The full form of HPD in medical term is “Histrionic personality disorder.”
A widespread pattern of extreme attention-seeking behaviours and emotional instability characterizes histrionic personality disorder (HPD), a mental health disease. Individuals with HPD frequently have a strong desire to be the center of attention and will act in vivid, dramatic, and provocative ways.
Although the precise origins of HPD are still unclear, it is thought that a complex interplay between genetic, biochemical, and environmental variables is responsible. In addition to having trouble controlling their emotions, people with HPD may exhibit excessive emotional reactivity and a propensity to overreact to stimuli. A mental health expert will normally perform a thorough evaluation, including a clinical interview and an assessment of symptoms, as part of the diagnosing process.

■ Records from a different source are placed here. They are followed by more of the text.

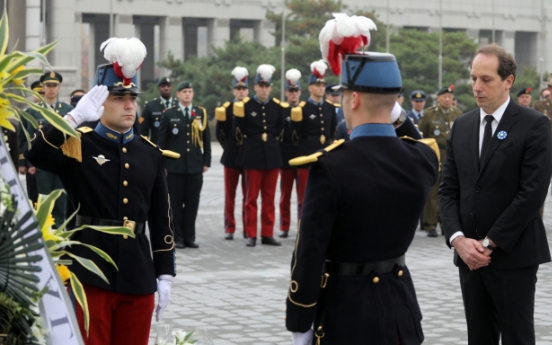 French, foreign envoys honor comrades of WWI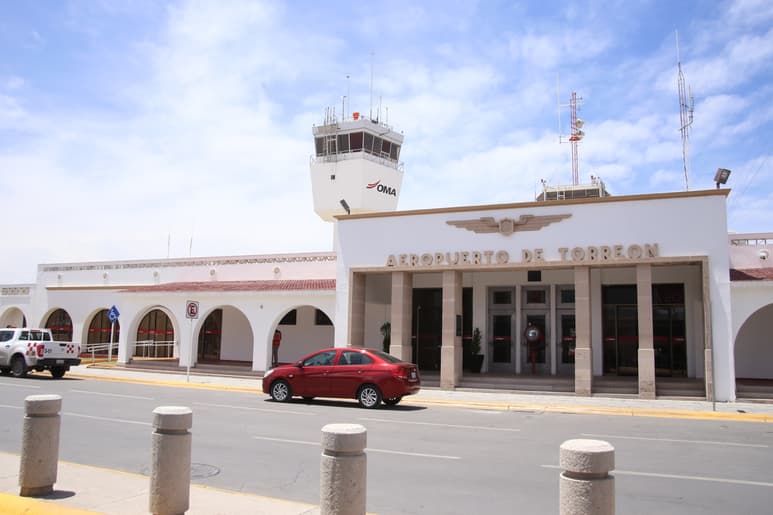 El alcalde dijo que el aeropuerto de Torreón es de los más productivos, de todos los que maneja OMA. (EL SIGLO DE TORREÓN)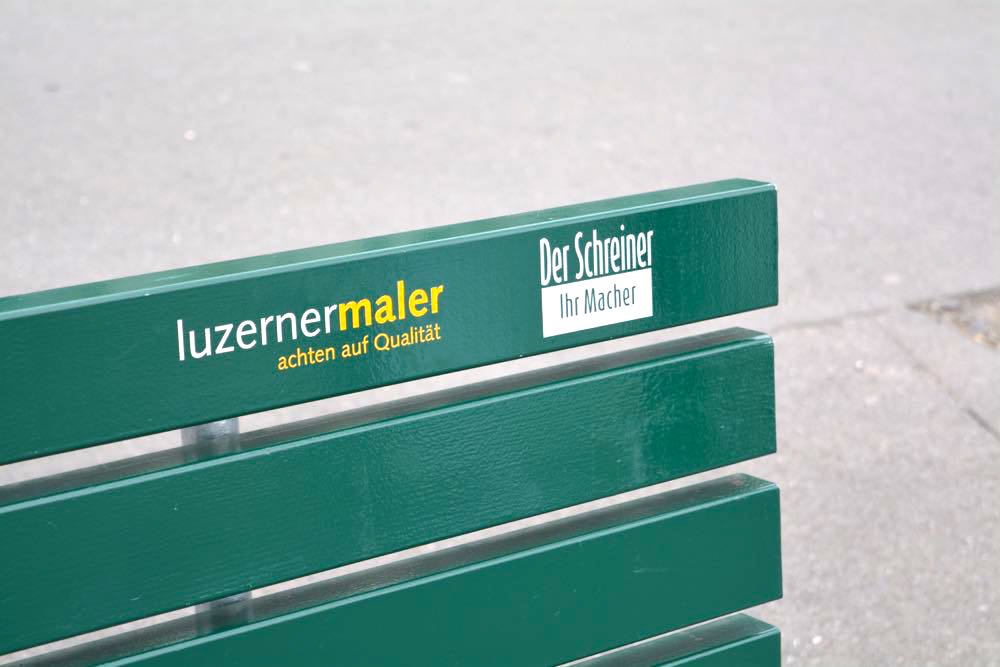 Dank den Luzerner Malern und Schreinern kann man sich am Schweizerhofquai auf neue Bänke setzen.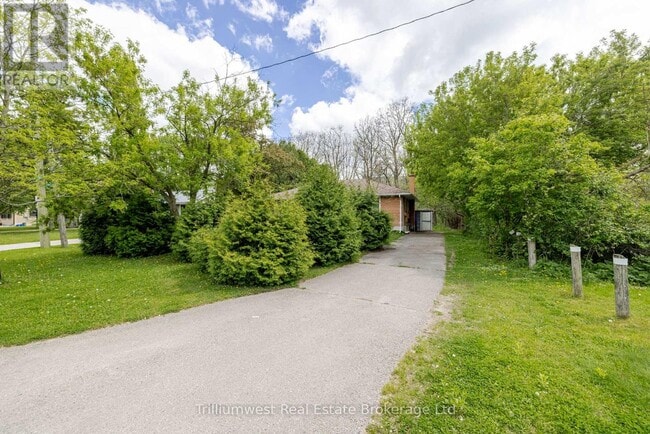 Building Photo - 284 Trott Dr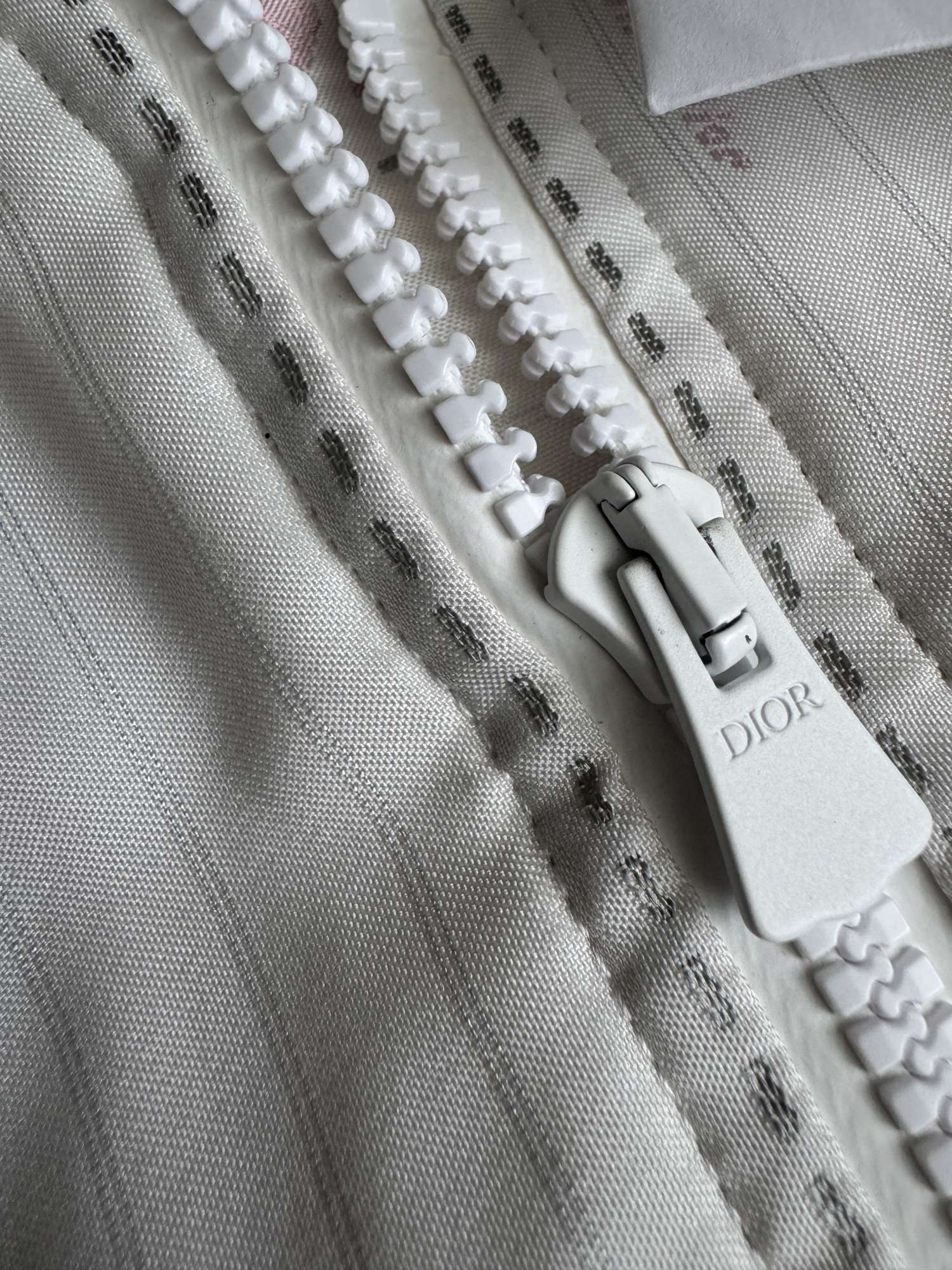 Dior bundička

Even though there is no established practice for HPD, it is possible to control symptoms and enhance everyday functioning with the right care. For HPD, psychotherapy, especially cognitive-behavioral therapy (CBT), can be a successful therapeutic option. With the aid of this therapy, HPD patients can recognize and change harmful thought patterns and behaviors which may be causing some of their symptoms. Antidepressants or other anti-anxiety drugs may also be used to treat HPD symptoms.
People with HPD frequently need ongoing reassurance and reinforcement from others, making it difficult to sustain stable and meaningful relationships. Also, they could have the propensity to exaggerate their feelings and encounters, which makes their emotional display seem forced or hollow.